The glaringly-obvious privacy problems inherent in contact tracing have to some extent tempered the rush to implement such programs (or perhaps simply caused officials to do so less publicly). Its emergence as a means of more broadly controlling people, however, has been seized by Nanny State advocates as a way to pursue government control of non-medical issues including, of course, gun control.
A recently-published article by Northwestern University sociology professor Andrew Papachristos is illustrative of this movement to employ invasive contact tracing to address other problems, such as gun violence. In this particular proposal, however, there is no substance whatsoever. Not once does the professor actually say how contact tracing data would solve gun violence, only that “research” of it – as some deus ex machina device – would magically solve the problem.
That nonsense, such as the kind promoted by Papachristos, would be taken seriously even to the extent of publication demonstrates the degree to which the Left will seize on virtually any occurrence, whether a viral pandemic, a police shooting, and especially the never-ending crusade to undermine the Second Amendment, as a vehicle with which to further their political agenda.
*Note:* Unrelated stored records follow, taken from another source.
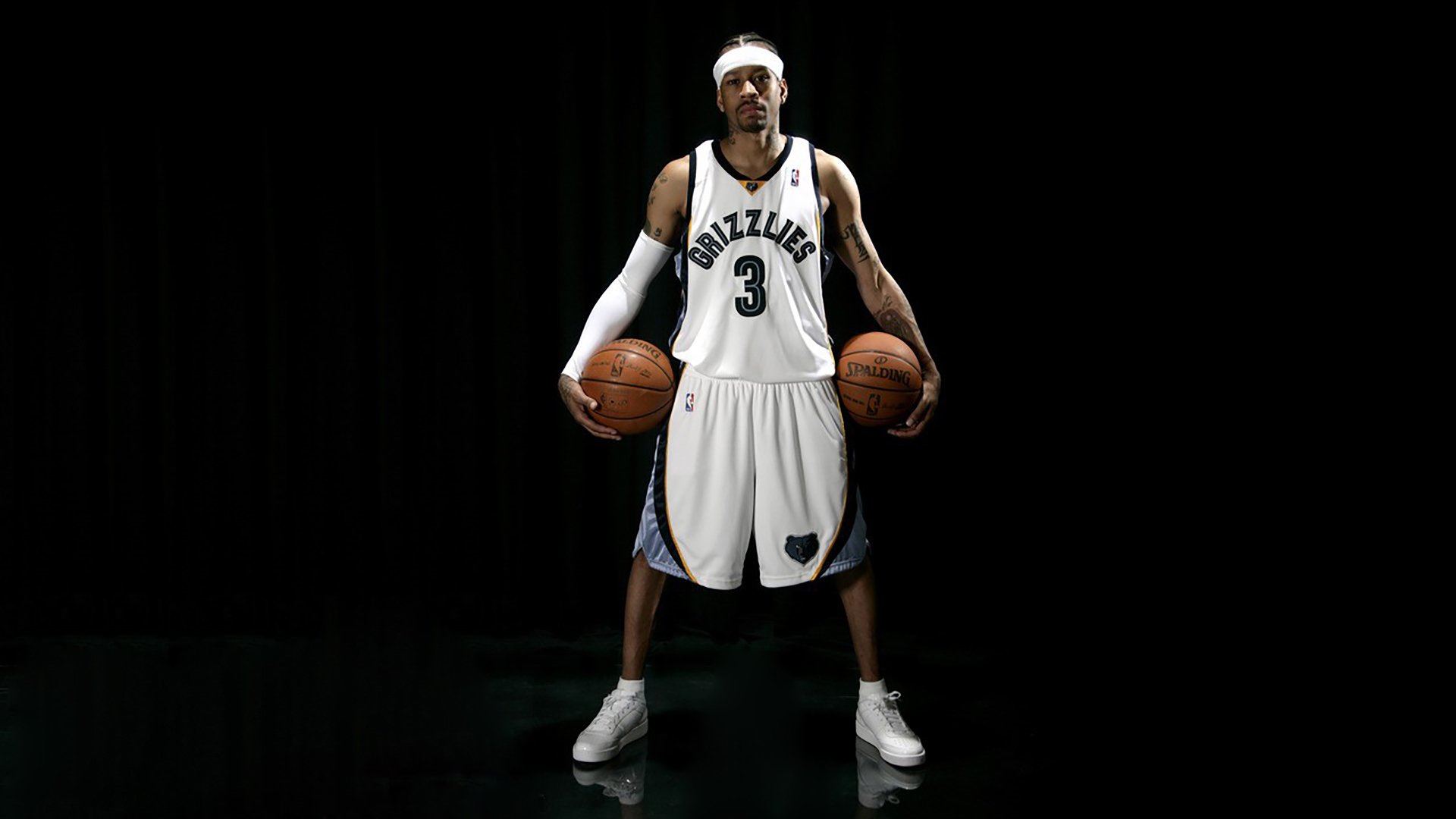 引擎轰鸣与压哨绝杀，在F1揭幕战的喧嚣中，听见恩比德定乾坤的孤独巨响
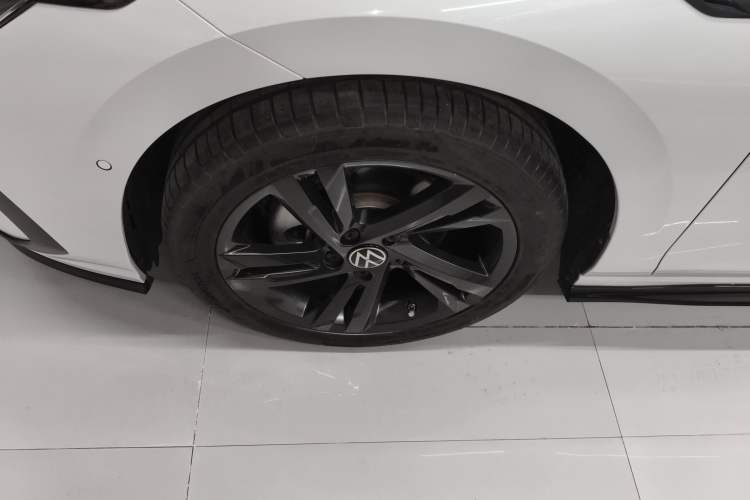 Used Volkswagen Golf 2023 Facelift 280TSI DSG R-Line Lite Left Front Wheel Hub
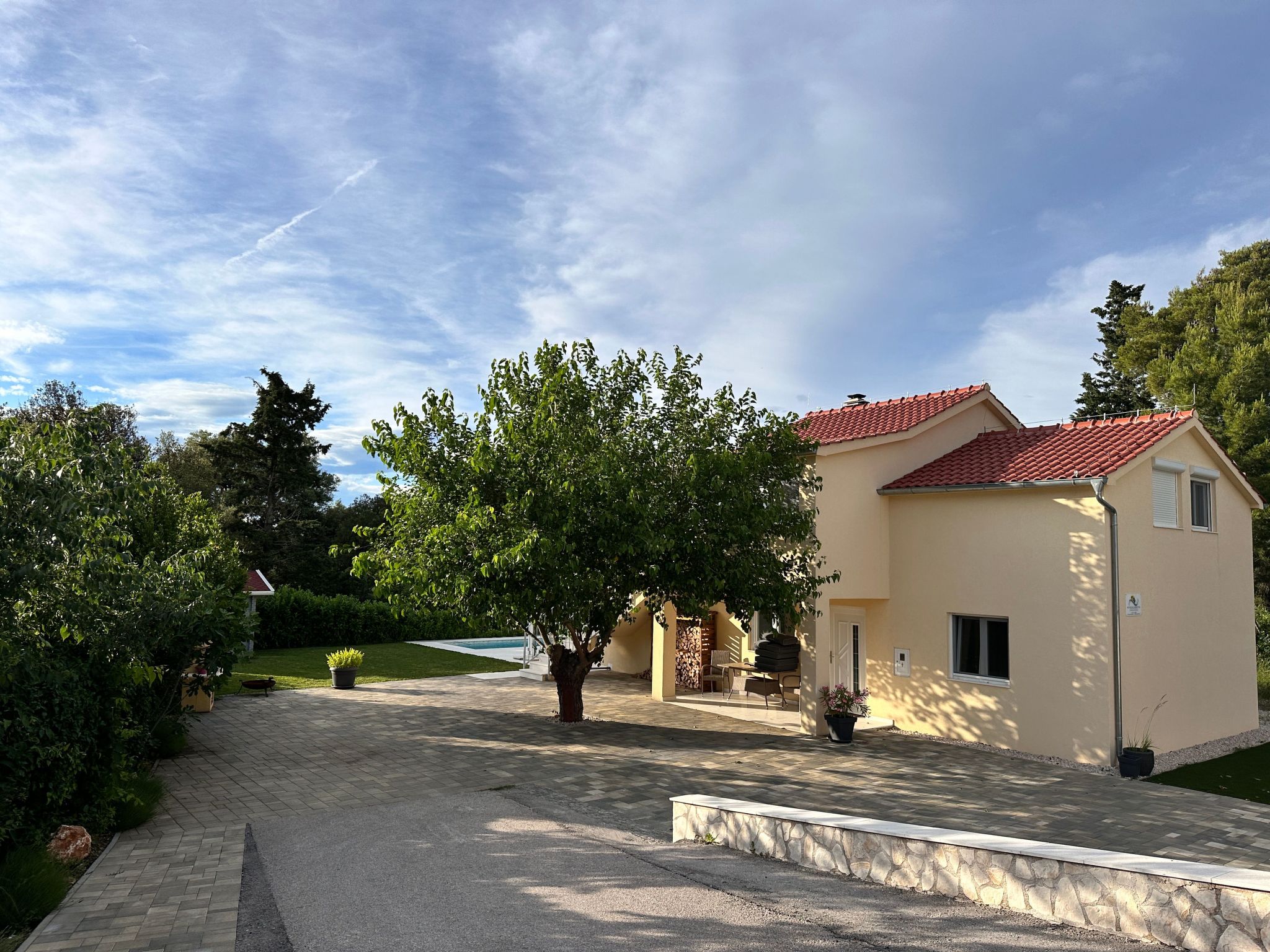 Appartment mit Pool-Binnen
This is part of the problem with thinking of violence as a public health issue. It makes people start thinking of it as some kind of disease, which leads some to claim that contact tracing may be useful.
It’s not, though.
You see, violence isn’t contagious. Someone doesn’t shoot their neighbor because they caught an infection from someone who shot the guy down the street. Acts of violence, regardless of the weapon, are far more complicated than any disease vectors. There are numerous factors that determine whether someone is likely to become a violent criminal or not.
It doesn’t take things like economics, family life, or anything else into account. That’s because all of that is, as noted earlier, complicated. It’s not a simple problem and simple solutions won’t fix it.
Yet that’s about all the left has to offer, especially when it comes to guns.